Ces pays sont situés, les uns par rapport aux autres, de façon à pouvoir recourir aux offices d’un mutuel voisinage. Le bon pays est tout au plus à quelques jours de marche du pays plus déshérité, dont l’habitant a besoin d’un supplément de gains et de subsistances. Celui-ci peut trouver à sa portée les ressources qu’en d’autres contrées il faudrait aller chercher bien loin, avec moins de certitude, avec plus de risques. La France est une terre qui semble faite pour absorber en grande partie sa propre émigration. Une multitude d’impulsions locales, nées de différences juxtaposées de sol, y ont agi de façon à mettre les hommes à même de se fréquenter et de se connaître, dans un horizon toutefois restreint.
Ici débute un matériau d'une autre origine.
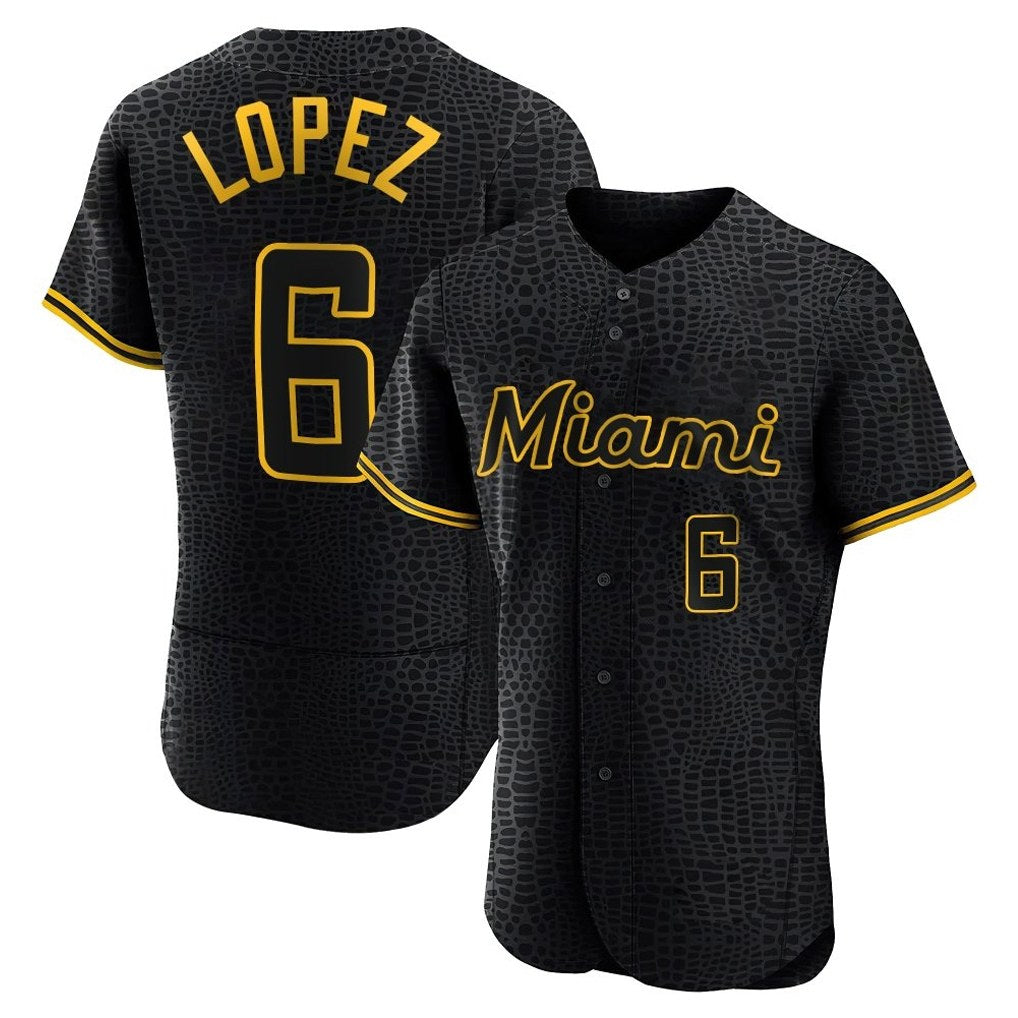 Miami Marlins #6 Otto Lopez Player Black Tomch Snake Skin City Home Limited Elite Stitched Jerseys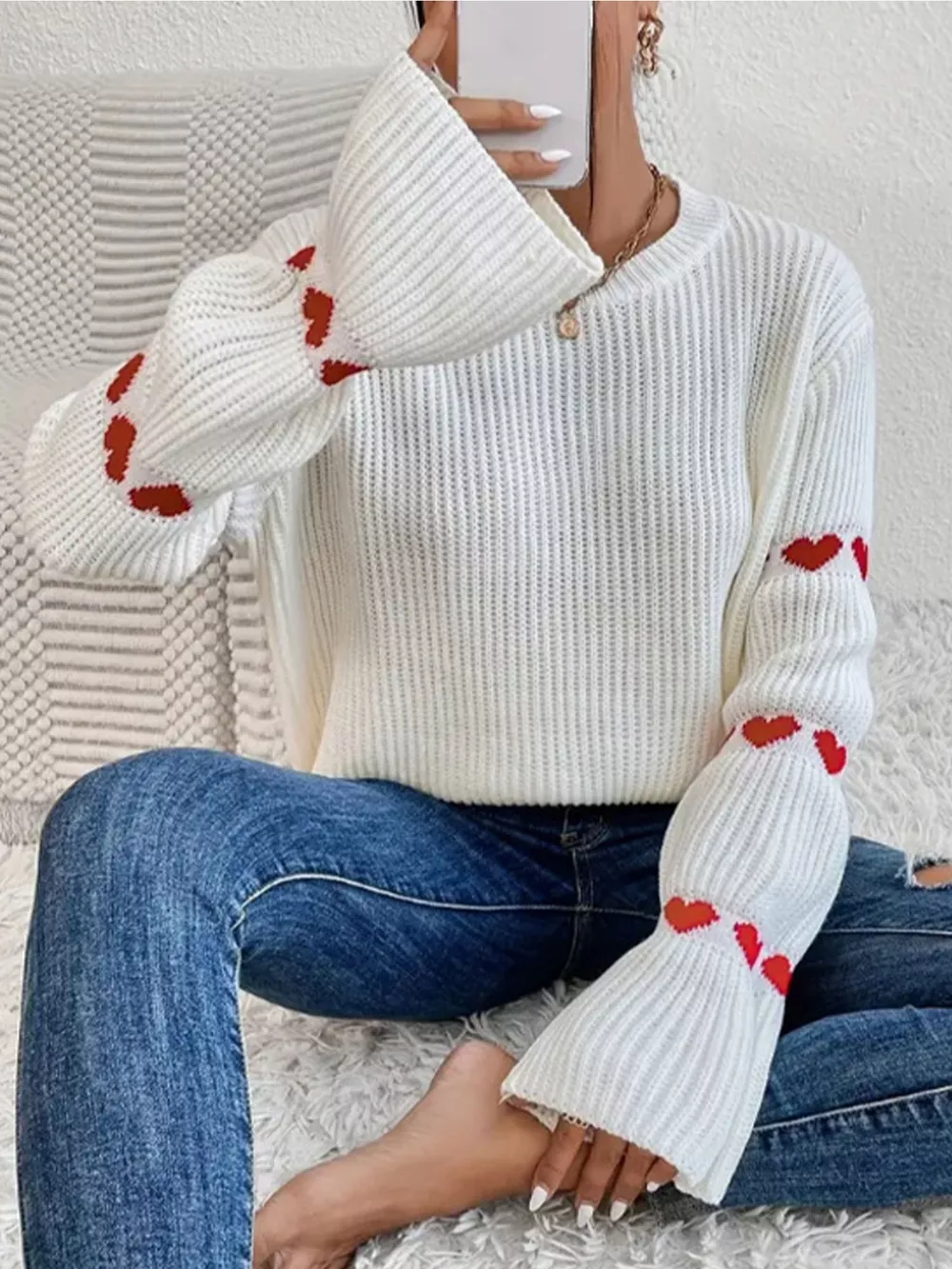 Heart Pattern Dropped Shoulder Sweater, image 4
Plus on analyse le sol, plus on acquiert le sentiment de ce qu’a pu être en France la vie locale. Aussi des courants locaux, facilement reconnaissables encore aujourd’hui, se sont formés spontanément à la faveur de la variété des terrains. Leurs buts sont rarement éloignés : marchés, foires ou fêtes dans le voisinage, tournées périodiques aux époques de morte-saison, enrôlements au temps des moissons. Mais ces dates attendues et espérées prennent place dans les préoccupations ordinaires de la vie. Les différences qui sont mises par là en rapport ne sont pas de celles qui ouvrent des horizons lointains; ce sont des contrastes simples et familiers, qui s’expriment par dictons, proverbes ou quolibets. Malgré tout il en résulte une ventilation salubre. On est moins étranger l’un à l’autre. Il se forme un ensemble d’habitudes dont s’est visiblement imprégnée la psychologie du paysan de France.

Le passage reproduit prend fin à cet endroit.